Alcohol Justice
- Abbreviation: AJ
- Formation: 1987
- Type: Non-profit 501(c)(3)
- Purpose: Public health advocacy and policy
- Location: San Rafael, California;
- Region served: United States
- Exec. Dir/CEO: Bruce Lee Livingston
- Staff: 10
- Website: alcoholjustice.org

= Alcohol Justice =

Research and policy organization

Alcohol Justice is a San Rafael, California–based non-profit advocacy, research and policy organization describing itself as "the industry watchdog". The Marin Institute was renamed and re-branded as Alcohol Justice in 2011; it was originally named The Marin Institute for the Prevention of Alcohol and Other Drug Problems.

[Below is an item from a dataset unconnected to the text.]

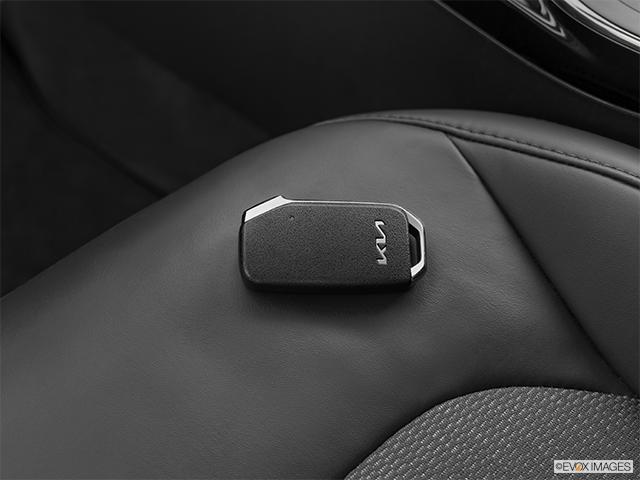 2024 Kia Niro | Key fob on driver’s seat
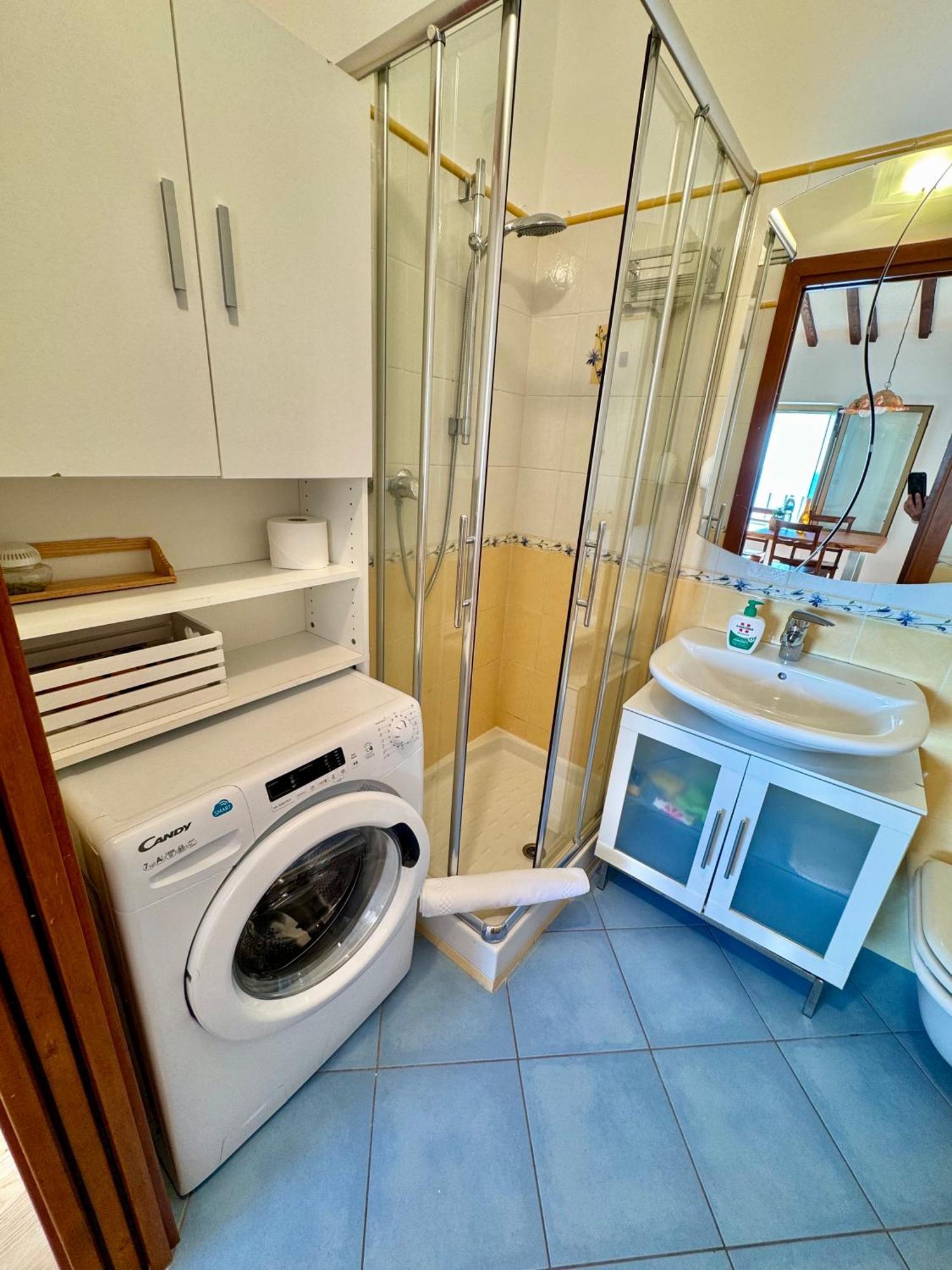 Kiss Of Sea - Balzi Rossi & Baia Beniamin Apartment Ventimiglia Luaran gambar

In 2006, Alcohol Justice shifted its focus to the practices of alcohol corporations who produce, distribute, retail and advertise alcoholic beverages. Until 2006, Alcohol Justice focused strictly on alcohol harms and environmental prevention strategies. These strategies included reducing the hours during which time alcohol can be sold, increasing the size of warning labels on alcoholic beverage containers, requiring warnings on all alcohol advertisements, restricting the content and placement of alcohol ads, and prohibiting alcohol sponsorship of athletic events.

==History==
Alcohol Justice was established in 1987 as one of three major projects funded by the Leonard and Beryl H. Buck Trust at the same time the Marin Community Foundation was formed. The Marin Institute reported in 2006 that "countering the alcohol industry has always been a high priority for the Marin Institute, but we now want to make it the central focus of our efforts. That means we'll put 100% of our energy into stopping the alcohol industry from harming public health."
In July 2011, the Marin Institute changed its name to Alcohol Justice to better align the organization's name with the national reach of its network.

==Campaigns and programs==
Alcohol Justice, although based in San Rafael, California, plays a research and advocacy role in other cities and counties of California, such as Los Angeles and San Francisco, and has led numerous campaigns for legislation and regulatory reform in Sacramento, California. Nonetheless, it is a national organization that has conducted national and international research projects, conducted hundreds of trainings of youth, community leaders and public health advocates throughout the United States, and participated in international activities as well in Canada, Europe, Africa and Thailand.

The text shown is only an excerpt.